UDMorph - Statistics
Below is an overview of the amount of data in UDMorph. These data are updated periodically.
Taggers
The tagger count includes all the languages for which a tagger model is accessible via the UDMorph interface. That includes models that are trained locally, but also models that are run via the API of a remote tool, most notably the models running in the UDPIPE2 REST interface.
Current count: 146 languages
|
|
Corpora
This corpus count includes all datasets that are accessible as a corpus via the UDMorph interface as a TEITOK corpus. For all corpora, a downloadable tagger model is available.
Current count: 54 corpora
Git Repositories
The repository count includes all datasets that are accessible as a Git repository in CoNLL-U format via the UDMorph Git group. This includes repositories that are maintained elsewhere and cloned under UDMorph, datasets that were converted to CoNLL-U from elsewhere (most notably from the UDMorph corpora), and datasets that are maintained directly in the UDMorph group.

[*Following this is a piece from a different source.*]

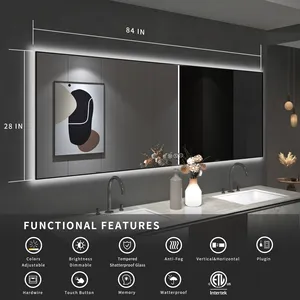 Factory Hotel Large Rectangle Touch Screen Backlit Backlit Lighted LED Bathroom Mirror Waterproof Lighted Bathroom Wall Mirror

Current count: 4 repositories
The number of repositories is currently still very limited since we strive to only publish data with the consent of the creators of the data even in cases where the original data are open source. Over time, all UDMorph corpora should in principle be released as a CoNLL-U repository.
UDMorph Release
The release count includes all the corpora that meet all the standards of a full UDMorph dataset, and the count always represents the last periodic release.
No releases have yet been made